In GPU pass-through mode, an entire physical GPU is directly assigned to one VM, bypassing any host drivers. In this mode of operation, the GPU is accessed exclusively by the GPU driver running in the VM to which it is assigned. The GPU is not shared among VMs.
GPU partitioning allows you to share a physical GPU device with multiple virtual machines (VMs). With GPU partitioning or GPU virtualization, each VM gets a dedicated fraction of the GPU instead of the entire GPU.
The NVIDIA A16 GPUs installed in our test cluster support DDA and GPU Partitioning configurations. Neither option is currently supported with Live migration. VMs configured with GPUs must be placed where host GPU resources are available and restarted during cluster maintenance or in the event of a failure.
We chose to configure the allocation of GPUs to VMs using GPU partitioning. We used NVIDIA vGPU software, a graphics virtualization platform that provides virtual machines (VMs) access to NVIDIA GPU technology. The releases of the NVIDIA vGPU Manager and guest VM drivers that you install must be compatible. Installing an incompatible guest VM driver release for the release of the vGPU Manager will result in the NVIDIA vGPU's failure to load.
The following NVIDIA vGPU Manager and guest VM driver release combinations are compatible.
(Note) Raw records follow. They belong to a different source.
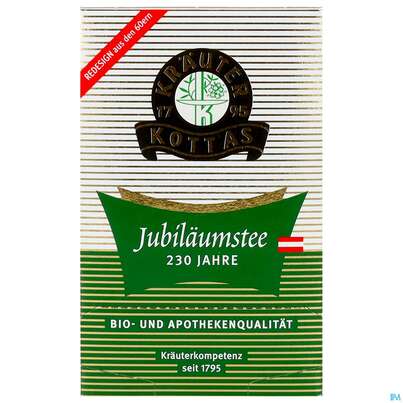 Sie sehen eine Packung Dr.Kottas Tee Jubilaeumstee 20st, Produktbild: 01 Dr.Kottas Tee Jubilaeumstee 20st, A-Nr.: 5940280 - 01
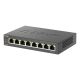 4. D-Link DGS-1008P/E łącza sieciowe Nie zarządzany L2 Obsługa PoE Czarny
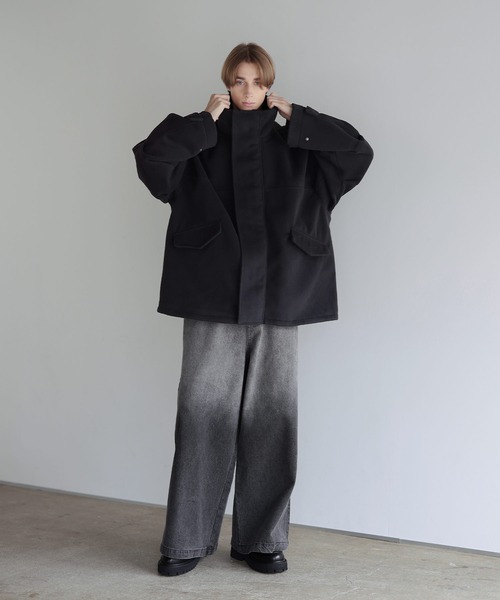 SOCCE（ソーシー）の「ウールミックスオーバーサイズショートモッズブルゾン（ブルゾン・メンズ・ライトグレー/ブラック/チャコール・XL/L/M/S）」の12枚目の写真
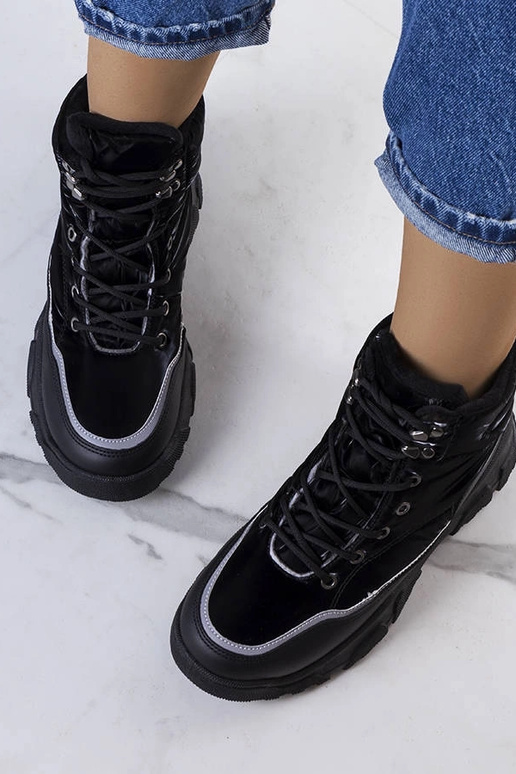 Schwarze isolierte Rimu-Stiefel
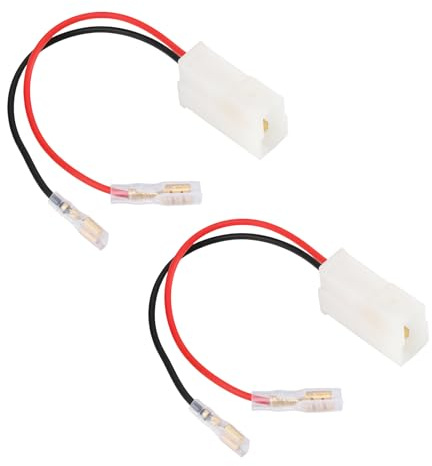 Briny River 2pcs Car Speaker Plug Adaptor 15cm Compatible with Ford Fiesta Mk5 Transit Mk6
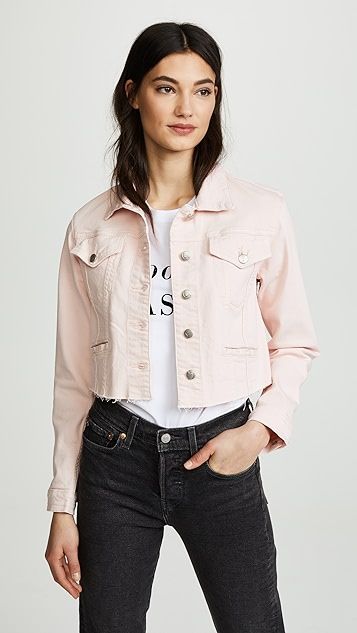 Cropped Denim Jacket | Shopbop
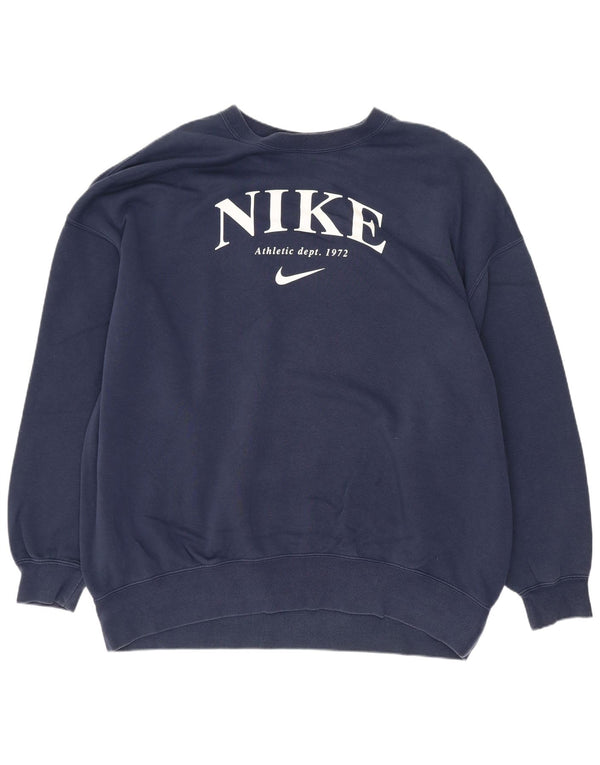 Męska bluza męska Nike Graphic Oversize Jumper XS Granatowa, bawełniana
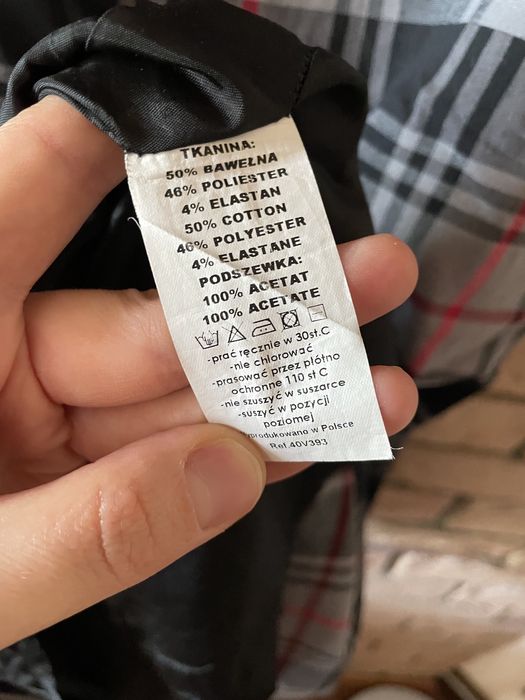 Quiosque 40 L sukienka w szkocką kratę kraciasta tunika z podszewką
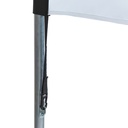 Mât mobile pour beach flag 130 x 50 cm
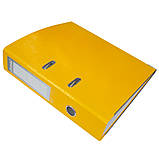 Папка-реєстратор картонна, А4, 70 мм, РР-покриття, кишенька для етикетки, металевий кант, фото 6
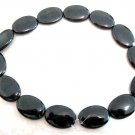 Jet Black jade Sediment Imperial Jasper 22x30MM Oval 16" Loose Beads Strand USA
- NVIDIA vGPU Manager with guest VM drivers from the same release
- NVIDIA vGPU Manager with guest VM drivers from different releases within the same major release branch
- NVIDIA vGPU Manager from a later major release branch with guest VM drivers from the previous branch
You must also use a compatible version of the NVIDIA License System with the chosen release of NVIDIA vGPU software.